British Virgin Islands Supplement October 2010: Hedge fund ambitions
Source: Hedge Funds Review | 05 Oct 2010
Categories: Regulation
Topics: IOSCO, Securities and Investment Business Act (SIBA), British Virgin Islands, Offshore, Jurisdiction, Domicile, BVI Financial Services Commission, Regulation, Alternative Investment Fund Managers (AIFM) directive
The regulatory framework for investment and securities business is undergoing major change, says Brodrick Penn, British Virgin Islands Financial Services Commission director of investment business.
The British Virgin Islands (BVI) Financial Services Commission (FSC) is at the centre of efforts to tighten and refine the regulatory framework for hedge funds and other forms of investment business in the jurisdiction.
The recently enacted Securities & Investment Business Act (SIBA) grants the FSC broad powers to supervise all forms of securities and investment business in the BVI, including some activities that were previously unregulated in the jurisdiction.
The job of implementing and enforcing the provisions of SIBA falls largely to FSC director of investment business Brodrick Penn (pictured) and his team.
The FSC is the sole and autonomous regulator of all financial services activity conducted in or from the BVI. The FSC was established in 2002 and is led by the BVI’s enigmatic financial services guru, Robert Mathavious.
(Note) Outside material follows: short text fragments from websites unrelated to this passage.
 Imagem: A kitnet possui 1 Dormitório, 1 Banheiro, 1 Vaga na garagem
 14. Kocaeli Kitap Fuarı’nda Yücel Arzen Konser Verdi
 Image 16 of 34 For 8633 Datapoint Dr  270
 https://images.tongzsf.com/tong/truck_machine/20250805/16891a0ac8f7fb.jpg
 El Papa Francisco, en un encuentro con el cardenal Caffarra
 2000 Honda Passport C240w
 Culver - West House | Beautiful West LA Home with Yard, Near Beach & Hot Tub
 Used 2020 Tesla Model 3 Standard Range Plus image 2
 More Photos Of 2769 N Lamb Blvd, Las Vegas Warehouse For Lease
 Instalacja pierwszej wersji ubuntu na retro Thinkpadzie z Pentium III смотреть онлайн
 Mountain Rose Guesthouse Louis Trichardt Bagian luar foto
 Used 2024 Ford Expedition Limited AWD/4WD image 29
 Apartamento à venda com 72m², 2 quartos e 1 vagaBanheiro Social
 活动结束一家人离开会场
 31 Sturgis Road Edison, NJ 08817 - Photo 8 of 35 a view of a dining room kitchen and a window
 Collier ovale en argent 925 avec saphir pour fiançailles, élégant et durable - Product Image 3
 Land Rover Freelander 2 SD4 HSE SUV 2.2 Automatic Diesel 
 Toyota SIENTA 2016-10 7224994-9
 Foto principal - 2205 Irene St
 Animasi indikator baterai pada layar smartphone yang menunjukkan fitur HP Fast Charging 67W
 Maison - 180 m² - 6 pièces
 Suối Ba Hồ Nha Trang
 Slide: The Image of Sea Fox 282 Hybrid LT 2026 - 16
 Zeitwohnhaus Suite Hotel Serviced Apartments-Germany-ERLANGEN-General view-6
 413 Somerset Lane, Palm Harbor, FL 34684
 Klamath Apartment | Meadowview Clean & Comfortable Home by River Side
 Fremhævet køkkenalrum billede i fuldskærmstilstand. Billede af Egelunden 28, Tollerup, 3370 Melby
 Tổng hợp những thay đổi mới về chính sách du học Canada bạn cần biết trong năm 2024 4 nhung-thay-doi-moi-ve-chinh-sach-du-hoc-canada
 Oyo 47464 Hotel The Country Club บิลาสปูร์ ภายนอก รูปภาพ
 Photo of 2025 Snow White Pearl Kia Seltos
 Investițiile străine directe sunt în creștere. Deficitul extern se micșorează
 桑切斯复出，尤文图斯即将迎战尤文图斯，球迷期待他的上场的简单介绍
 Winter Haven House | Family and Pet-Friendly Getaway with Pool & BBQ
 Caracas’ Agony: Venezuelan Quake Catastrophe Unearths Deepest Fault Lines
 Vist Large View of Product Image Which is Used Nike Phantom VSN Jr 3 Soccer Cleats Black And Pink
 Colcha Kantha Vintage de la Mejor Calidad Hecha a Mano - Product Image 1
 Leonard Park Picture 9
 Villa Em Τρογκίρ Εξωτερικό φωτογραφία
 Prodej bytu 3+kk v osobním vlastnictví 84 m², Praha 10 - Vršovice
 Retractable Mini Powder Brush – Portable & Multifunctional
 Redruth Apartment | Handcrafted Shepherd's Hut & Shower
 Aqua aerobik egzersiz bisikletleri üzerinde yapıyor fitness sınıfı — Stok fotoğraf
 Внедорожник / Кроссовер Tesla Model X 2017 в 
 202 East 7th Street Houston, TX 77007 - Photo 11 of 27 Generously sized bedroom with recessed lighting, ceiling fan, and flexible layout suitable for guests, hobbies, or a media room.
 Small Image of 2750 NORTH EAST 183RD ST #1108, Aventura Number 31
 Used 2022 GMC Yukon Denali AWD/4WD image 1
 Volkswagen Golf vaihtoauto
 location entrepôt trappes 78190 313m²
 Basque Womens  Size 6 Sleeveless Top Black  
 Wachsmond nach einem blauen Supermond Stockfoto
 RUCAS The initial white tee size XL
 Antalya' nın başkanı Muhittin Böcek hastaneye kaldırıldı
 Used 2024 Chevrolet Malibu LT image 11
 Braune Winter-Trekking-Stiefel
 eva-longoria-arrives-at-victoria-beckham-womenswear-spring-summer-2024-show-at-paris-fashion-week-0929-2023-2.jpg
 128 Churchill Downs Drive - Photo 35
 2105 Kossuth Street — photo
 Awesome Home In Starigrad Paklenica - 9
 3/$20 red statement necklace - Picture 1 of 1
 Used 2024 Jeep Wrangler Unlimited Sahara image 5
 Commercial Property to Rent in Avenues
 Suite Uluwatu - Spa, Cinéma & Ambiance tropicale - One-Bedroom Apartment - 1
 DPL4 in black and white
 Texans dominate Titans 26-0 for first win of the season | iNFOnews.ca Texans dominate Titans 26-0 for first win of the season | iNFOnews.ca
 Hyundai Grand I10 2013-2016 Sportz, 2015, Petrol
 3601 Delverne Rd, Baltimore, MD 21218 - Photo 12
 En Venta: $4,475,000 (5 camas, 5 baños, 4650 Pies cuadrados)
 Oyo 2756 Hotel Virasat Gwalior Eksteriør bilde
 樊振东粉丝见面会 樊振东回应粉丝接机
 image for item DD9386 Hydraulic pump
It is organised in a number of divisions which are responsible for the day-to-day regulation of all financial services business in the BVI, including banking, insurance activities and investment and securities business, among other areas.
The FSC’s investment business division oversees close to 3,000 investment funds domiciled in the BVI and is responsible for licensing financial services providers operating in the jurisdiction.
Penn has been involved in regulating investment funds business in the BVI for over a decade. He is widely acknowledged as a strong regulator with a keen commercial sense. The FSC’s investment business division has developed a modern approach to regulation which has helped attract significant hedge fund business to the jurisdiction.
The FSC aims to promote a “prudent and sound” regulatory framework while also encouraging the conduct of legitimate financial business in the BVI, says Penn. “The FSC prides itself on robust regulation which is also flexible enough to meet the needs of business. We have worked closely with the private sector over the years to implement robust regulations that are also business friendly and we will continue to do so,” he notes.
Penn describes SIBA as a key piece of legislation which brings the BVI in line with international standards while retaining the flexibility that has come to characterise the jurisdiction.
SIBA does not introduce any major changes to how hedge funds are regulated in the BVI. Penn says this is testament to the strength of the previous regime, which continues to have resonance in the modern marketplace.
“The BVI is somewhat unique in that we have had a regime for regulating all types of funds business since 1997, unlike some other jurisdictions which provided exemptions for hedge funds or their managers or simply did not regulate them at all,” says Penn.
Hedge funds domiciled in the BVI must be registered or recognised by the FSC to conduct business, while fund managers and administrators require a licence to operate in or from the jurisdiction. That has not changed.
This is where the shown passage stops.